Marsinah berjuang untuk kesejahteraan buruh dan keberanian bersuara melawan penindasan, menjadikannya ikon pergerakan perempuan dan pekerja di Indonesia.
“Marsinah adalah cerminan semangat perempuan Jawa Timur yang teguh, berani, dan tulus memperjuangkan kebenaran. Ia mengajarkan kepada kita bahwa perjuangan untuk keadilan sosial tidak selalu dengan jabatan tinggi, tapi dengan keberanian dan keteguhan hati,” ujar Khofifah.

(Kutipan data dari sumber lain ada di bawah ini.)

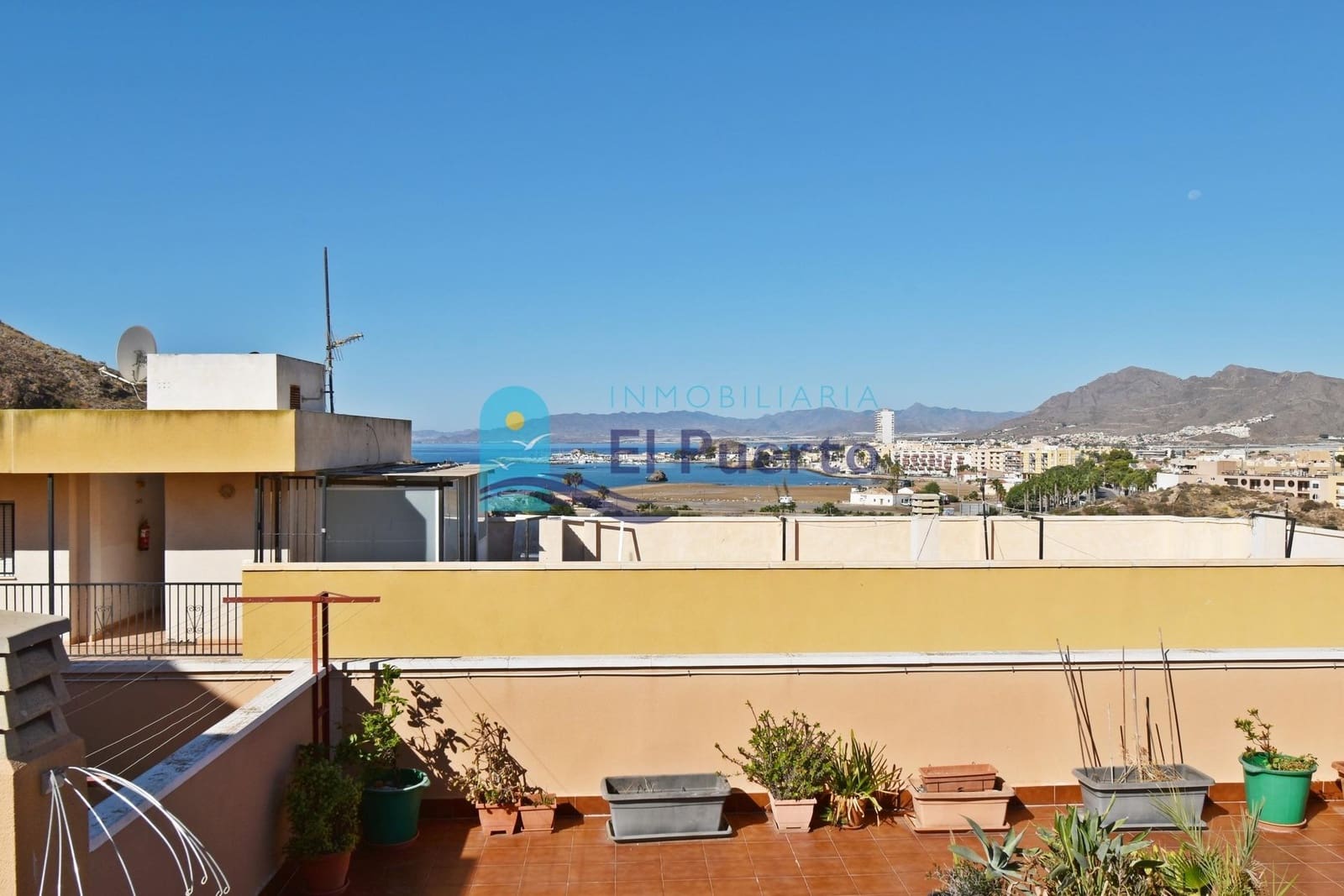 Apartamento de 1 habitación en Puerto de Mazarron en venta - 109.900 € (Ref: 9297396)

Khofifah menegaskan bahwa penetapan tiga tokoh asal Jawa Timur menjadi Pahlawan Nasional ini menjadi momentum penting untuk menyemai kembali nilai-nilai perjuangan dan kemanusiaan di kalangan generasi muda.
“Jawa Timur patut berbangga, karena dari tanah ini lahir tokoh-tokoh besar yang memberikan makna sejati tentang arti perjuangan. Semoga semangat Gus Dur, Syaikhona Kholil, dan Marsinah menginspirasi generasi penerus untuk terus bergerak, melanjutkan perjuangan dengan cara-cara damai, bermartabat, dan berkeadilan,” tutup Khofifah. (*)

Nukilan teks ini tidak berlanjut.